Guess who's entered the world of wearable fitness tech? Leapfrog, makers of tablets and other learning toys for young children, have unveiled the LeapBand, a fitness toy for kids. I had a chance to look at one during a press preview, and it's definitely what it looks like: a virtual pet cross-bred with a fitness tracker. And, in a way, that's a really smart idea.

Coming to the US and UK in August for $40 or £30 (Australian availability has not yet been announced), it looks more like a toy than a tool. Not surprising, considering the company's other products.

So, what is it? It's a wrist-worn, chunky plastic pedometer-equipped device, with its own color screen and buttons. The LeapBand recharges and is water-resistant, but the basic idea is that it has its own on-board set of eight virtual pets that can be fed and played with via mini-games. Those games are fueled by physical activities tracked by the band.

Activity progress is marked around the edge, and unlocks new pets. Scott Stein/CNET

The eight different Pet Pals are a cat, dog, dragon, monkey, panda, penguin, robot and unicorn, based on characters in LeapFrog's existing character franchises. They're unlocked as points are earned through movement, like a child-friendly variant of Nike Fuel .

There are also a few mini-games where kids care for their personalized pet: a Pet Salon, a rhythm-based dance game, and a catch-the-healthy-food game. None of these are based on activity points, but are rewards to build more attachment to the virtual pet. They're very reminiscent of Tamagotchi, or recent Furby app games.

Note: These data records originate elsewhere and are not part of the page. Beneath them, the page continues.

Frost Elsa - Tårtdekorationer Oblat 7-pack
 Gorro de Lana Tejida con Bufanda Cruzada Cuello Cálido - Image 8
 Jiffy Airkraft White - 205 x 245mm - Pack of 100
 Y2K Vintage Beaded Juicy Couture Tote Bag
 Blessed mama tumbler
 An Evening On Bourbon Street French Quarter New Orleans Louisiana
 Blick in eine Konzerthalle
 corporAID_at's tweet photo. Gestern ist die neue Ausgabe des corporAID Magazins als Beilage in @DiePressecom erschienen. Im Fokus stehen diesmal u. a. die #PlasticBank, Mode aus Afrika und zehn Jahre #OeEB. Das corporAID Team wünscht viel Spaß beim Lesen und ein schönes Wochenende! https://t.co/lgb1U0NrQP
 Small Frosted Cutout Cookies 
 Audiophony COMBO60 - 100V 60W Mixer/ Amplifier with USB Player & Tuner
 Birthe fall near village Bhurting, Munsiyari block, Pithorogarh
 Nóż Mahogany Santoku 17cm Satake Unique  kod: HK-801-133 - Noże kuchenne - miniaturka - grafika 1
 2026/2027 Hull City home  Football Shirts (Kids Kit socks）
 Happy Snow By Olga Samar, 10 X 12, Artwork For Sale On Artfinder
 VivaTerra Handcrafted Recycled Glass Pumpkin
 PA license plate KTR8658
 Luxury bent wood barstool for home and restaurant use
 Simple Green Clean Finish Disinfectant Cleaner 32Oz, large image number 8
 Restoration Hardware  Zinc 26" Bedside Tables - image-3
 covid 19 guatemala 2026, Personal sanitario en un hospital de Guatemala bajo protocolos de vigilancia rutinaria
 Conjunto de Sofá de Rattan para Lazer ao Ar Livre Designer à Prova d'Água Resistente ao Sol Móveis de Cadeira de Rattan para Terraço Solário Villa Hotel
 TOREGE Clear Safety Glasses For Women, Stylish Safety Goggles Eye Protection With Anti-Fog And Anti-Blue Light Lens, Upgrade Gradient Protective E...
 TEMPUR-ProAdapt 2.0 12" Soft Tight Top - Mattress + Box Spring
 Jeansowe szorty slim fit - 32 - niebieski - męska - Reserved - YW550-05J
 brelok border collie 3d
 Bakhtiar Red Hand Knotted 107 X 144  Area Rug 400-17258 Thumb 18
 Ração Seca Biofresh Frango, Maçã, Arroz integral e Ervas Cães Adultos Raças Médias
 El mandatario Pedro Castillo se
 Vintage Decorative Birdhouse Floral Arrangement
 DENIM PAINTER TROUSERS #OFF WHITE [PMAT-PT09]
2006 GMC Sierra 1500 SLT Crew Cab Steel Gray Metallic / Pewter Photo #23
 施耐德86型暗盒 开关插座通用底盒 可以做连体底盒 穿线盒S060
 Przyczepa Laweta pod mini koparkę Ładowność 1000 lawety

To encourage extra movement, there are different 10-second activities pre-loaded on the LeapBand, which tell kids to do various fun or weird things to earn points. You could pop like popcorn, or "leap up and make a roar like a tiger," which I ended up getting. A small button at the top triggers a voice command that comes out of the LeapBand's small speaker. It's a little hard to hear, but I was in a crowded room full of roaring tigers. There are 10 preloaded activities on the LeapBand itself, but there are 40 additional free challenges that can be loaded via Leapfrog's PC app.


The LeapBand doesn't use Bluetooth or wireless syncing: instead, it connects via USB to a PC, where parents sync activity data, install extra activities, or control parental settings such as limiting play time during the day, or setting the LeapBand to silent mode when your kids are at school.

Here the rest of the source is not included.